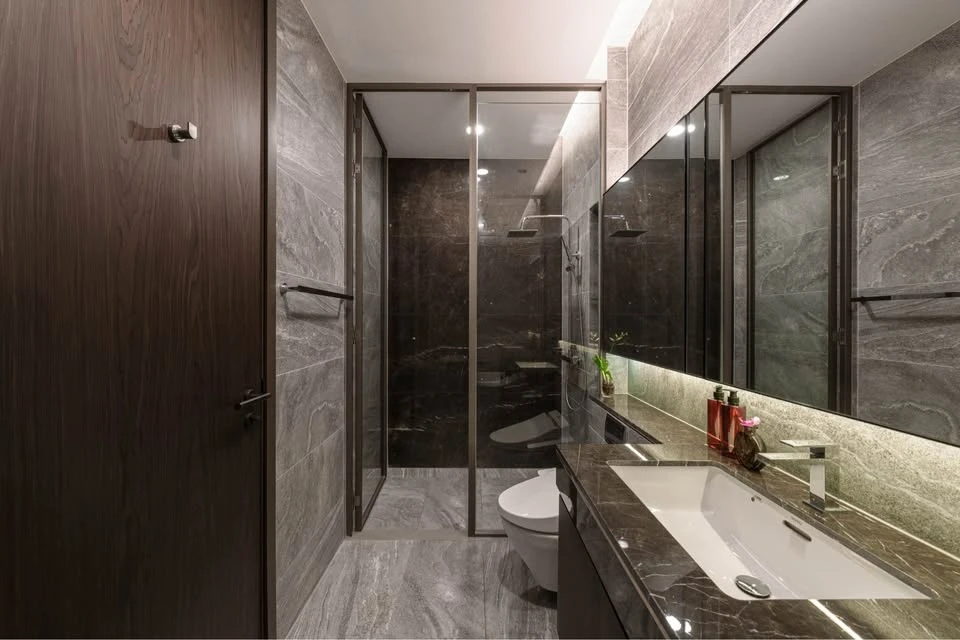 Urgent sale! The ESSE Sukhumvit 36 ​​condo, fully furnished and ready to move in. High floor. Book yours today! Don't miss out!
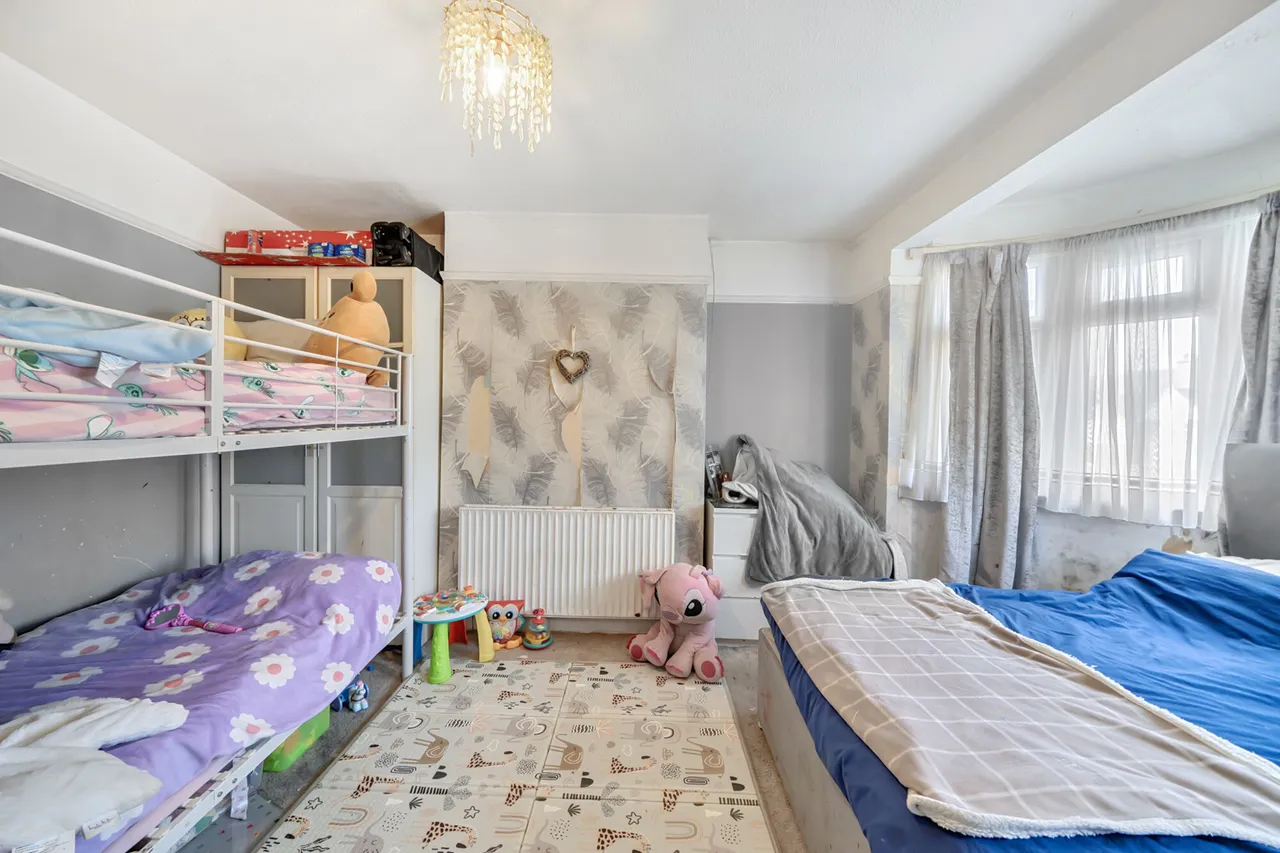 Victoria Road, Ruislip, HA4, photo 14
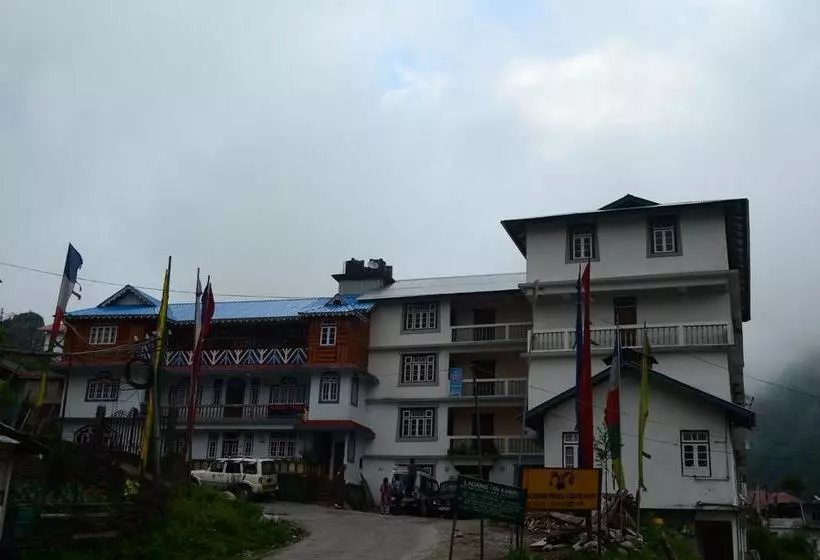 Hotelli Delight Royal Lachung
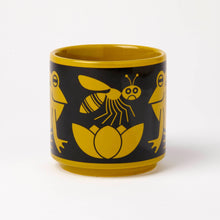 Load image into Gallery viewer, Magpie x Hornsea Frog Mug
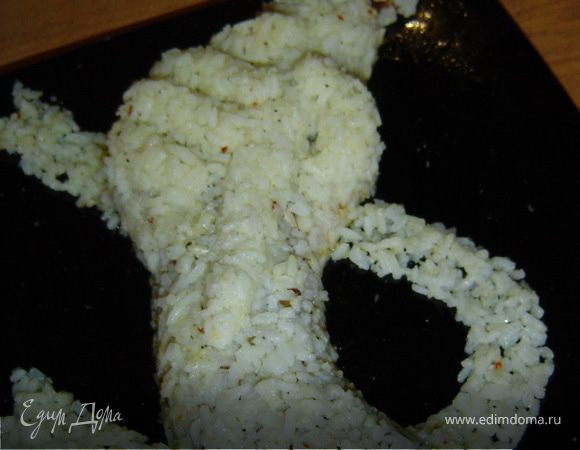 Последний слой – рис. Здесь мы уже выкладываем рис таким образом, чтобы были видны пальцы и факел. Вокруг руки с факелом выкладываем воображаемую ленту.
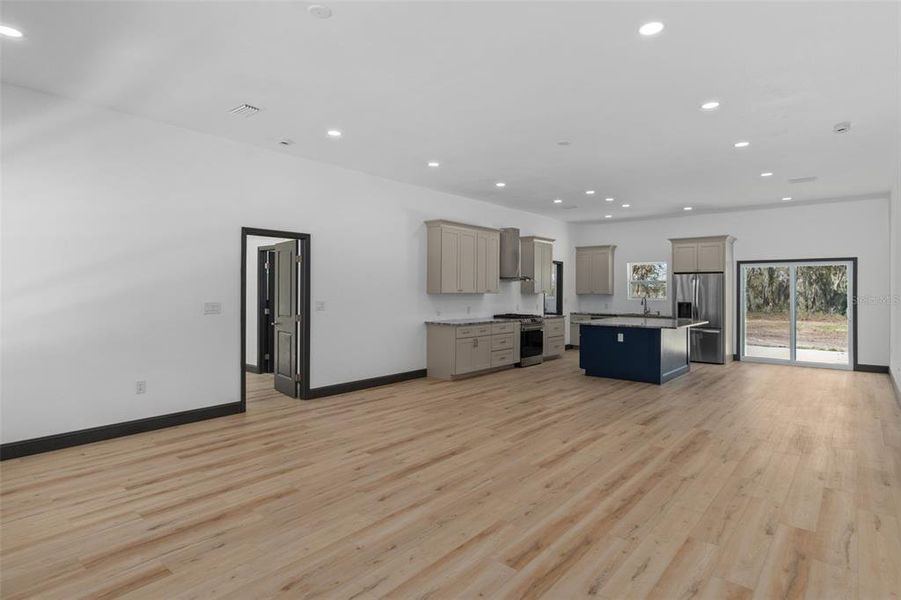 Spacious, unfurnished interior of a new home in , Dunnellon (Image 19).
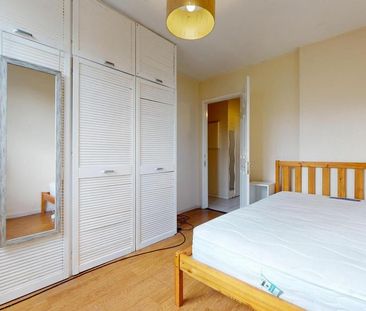 4 bedroom flat share to rent - Photo 1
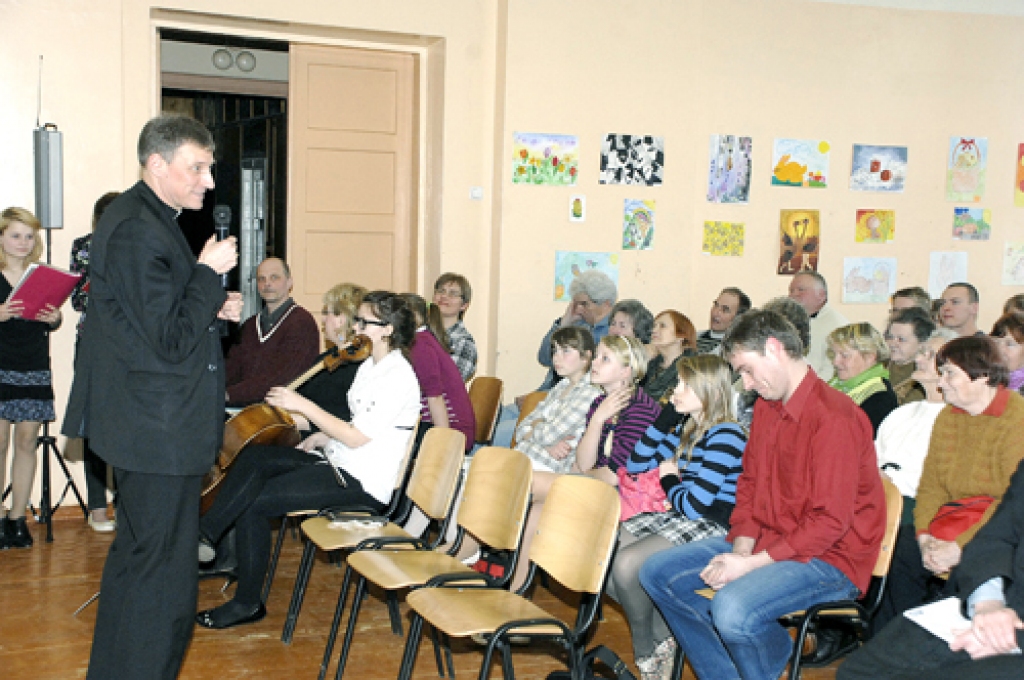 Vecumnieku novadā risina dialogu ar Romas katoļu baznīcas arhibīskapu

ACTIVITY:
Give back the material exactly as written, from its first line to the line that contains "Последний слой –", and leave out the pictures.

TASK RESULT:
 Urgent sale! The ESSE Sukhumvit 36 ​​condo, fully furnished and ready to move in. High floor. Book yours today! Don't miss out!
 Victoria Road, Ruislip, HA4, photo 14
 Hotelli Delight Royal Lachung
 Load image into Gallery viewer, Magpie x Hornsea Frog Mug
 Последний слой – рис. Здесь мы уже выкладываем рис таким образом, чтобы были видны пальцы и факел. Вокруг руки с факелом выкладываем воображаемую ленту.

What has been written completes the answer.